What is required - Start at the line with "una casa prefabricada?" in the records below, stop at the line with "トップス HELMUT LANG", and return every line in that span exactly, the two end lines included.

Data shown -
··········
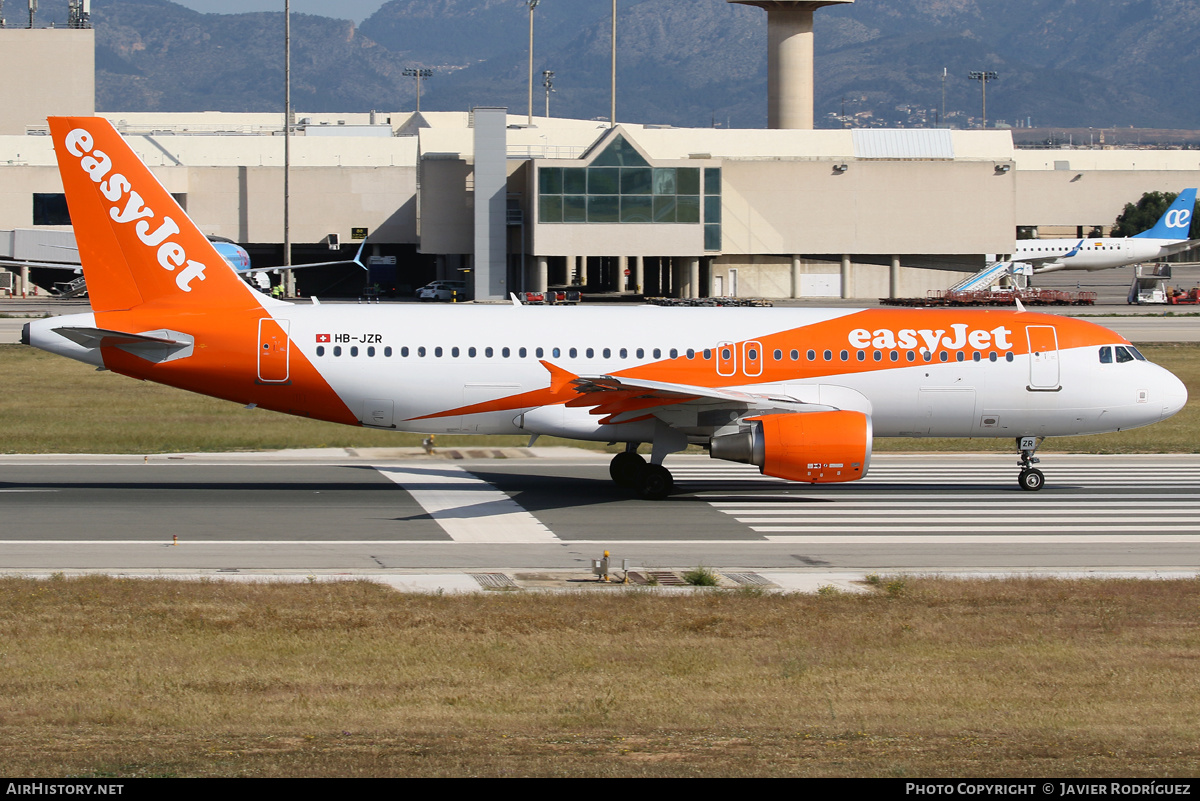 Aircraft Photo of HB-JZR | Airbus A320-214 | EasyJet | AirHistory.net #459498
··········
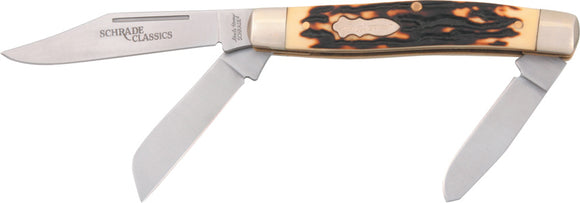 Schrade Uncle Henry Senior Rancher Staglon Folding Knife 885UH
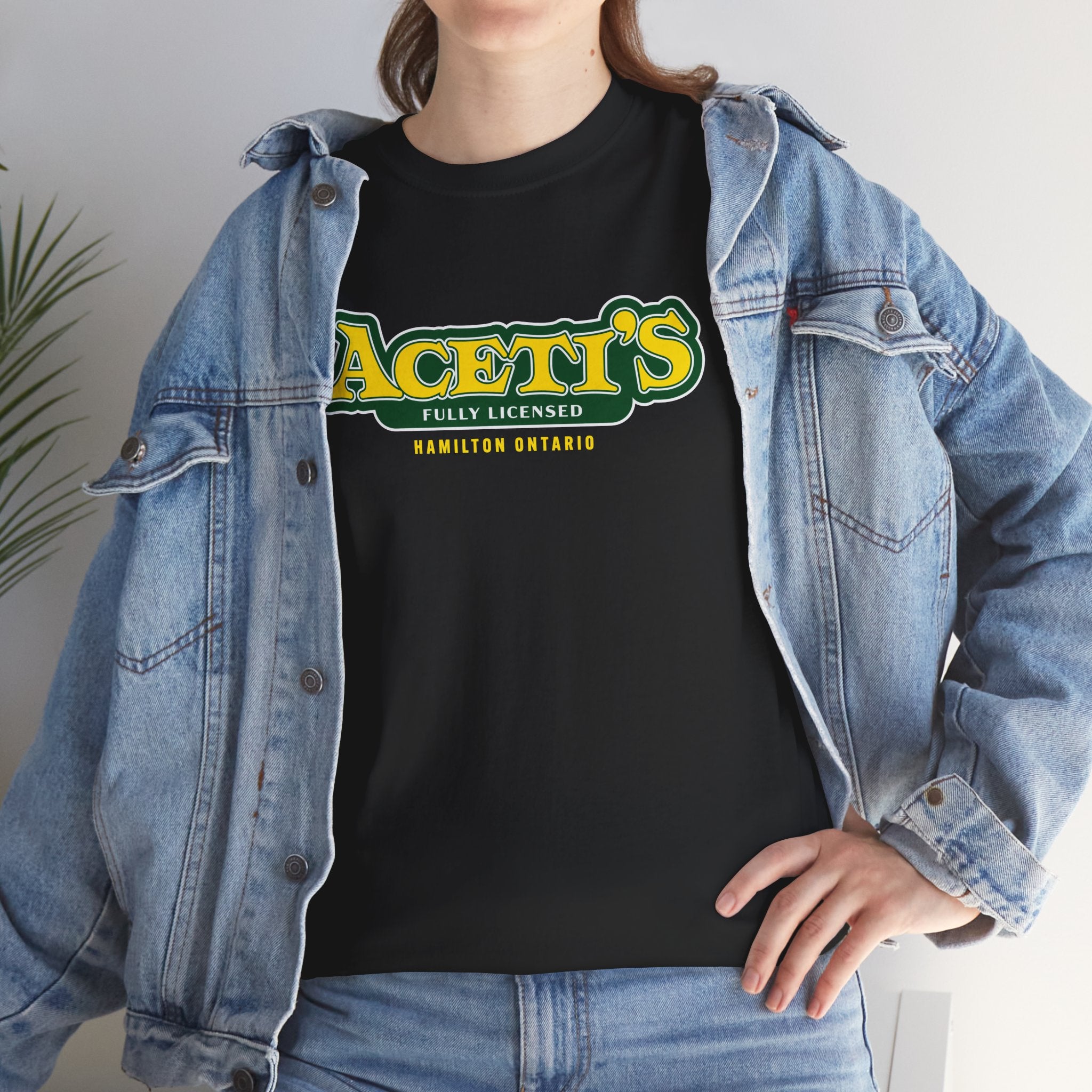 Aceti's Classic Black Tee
··········
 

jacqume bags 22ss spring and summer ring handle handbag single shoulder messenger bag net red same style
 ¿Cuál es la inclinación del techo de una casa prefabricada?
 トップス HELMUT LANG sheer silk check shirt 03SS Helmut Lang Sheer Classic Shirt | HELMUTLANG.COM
··········
Response box -
 ¿Cuál es la inclinación del techo de una casa prefabricada?
 トップス HELMUT LANG sheer silk check shirt 03SS Helmut Lang Sheer Classic Shirt | HELMUTLANG.COM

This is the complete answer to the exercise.